In der vierten Ebene befindet sich die Graue Pforte, die Barriere, die die Welt der Lebenden von den Toten trennt. Es ist die Bestimmung der Necratim dafür zu sorgen, dass die Graue Pforte immer stabil bleibt. Da sie schwächer wird, je größer das Ungleichgewicht zwischen dem Totenreich und dem Reich der Lebenden ist, so schützen sie den Durchgang am besten dadurch, dass sie dafür sorgen, dass die Toten nicht wiederkehren und kein lebender Mensch das Graue Reich unbefugt betritt. So ohne weiteres ist dies auch nicht möglich, da zunächst die Flüsse Styx, Kokytos und Acheron überquert werden müssen bis zuletzt der dreiköpfige riesige Schakal Kerberos bleibt, der bezähmt werden muss ehe man ins Totenreich eintreten kann.

Es gibt drei Reiche, die einen Toten erwarten können. Vor Anubis, dem Gott der Waage, wird das Herz des Verstorbenen gegen eine Taubenfeder abgewogen. Hat er nur schlechte Taten vollbracht, so kommt er nach Hel, dem Ort für alle niederträchtigen und bösen Geschöpfe.

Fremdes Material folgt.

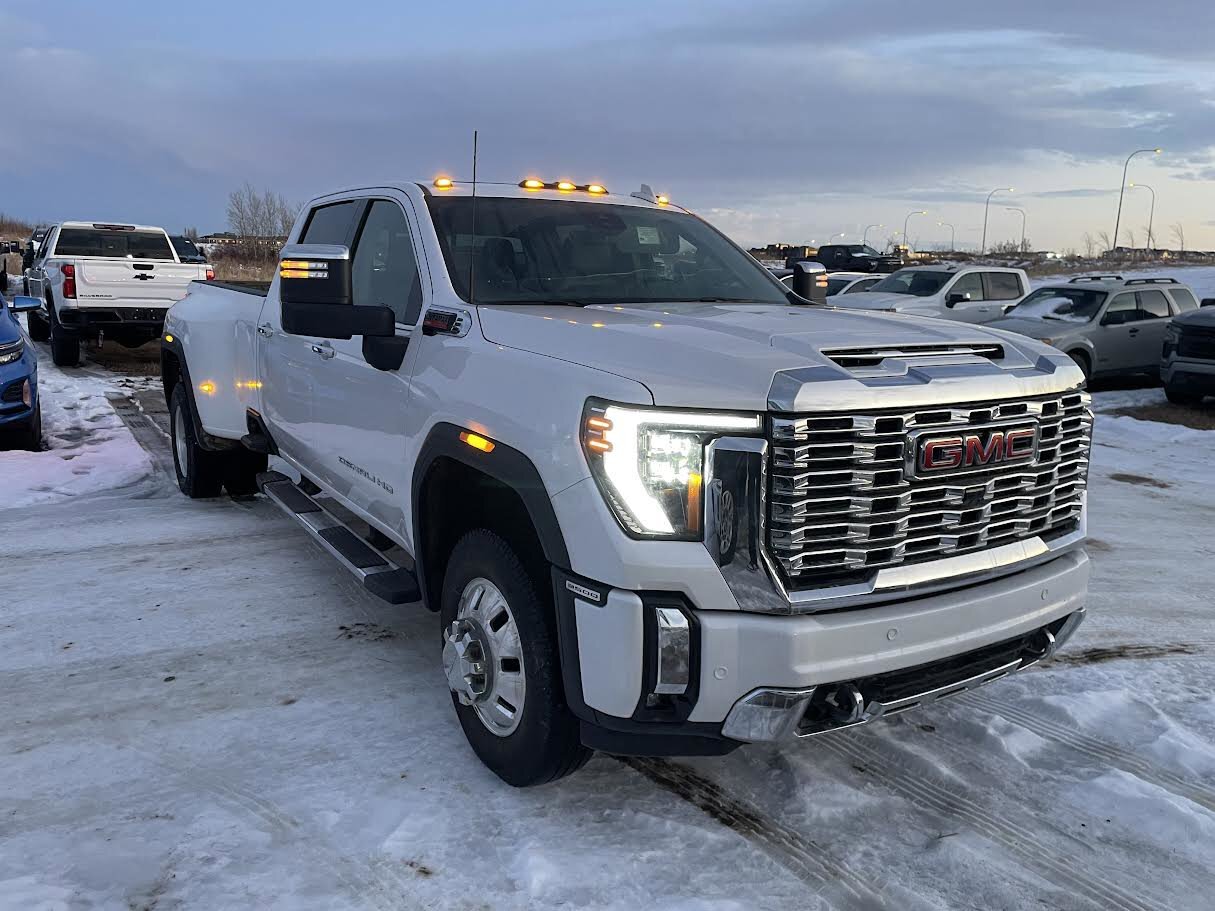 2024 GMC Sierra 3500HD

War der Mensch dagegen gut, so wird er ins Elysium geleitet, einer paradiesähnlichen Welt. Zuletzt gibt es noch jene Personen, die zu Lebzeiten so große und edle Heldentaten vollbracht haben, dass sie nach Valhal gelangen, dem Reich der Helden und Krieger. Hier rüsten sie sich für eine letzte große Schlacht. Dann nämlich, wenn Set, der Gott des Chaos, seine Bestien gegen die Menschen schickt, sollen die Helden wiederkehren, um der Menschheit in ihrer letzten Stunde beizustehen.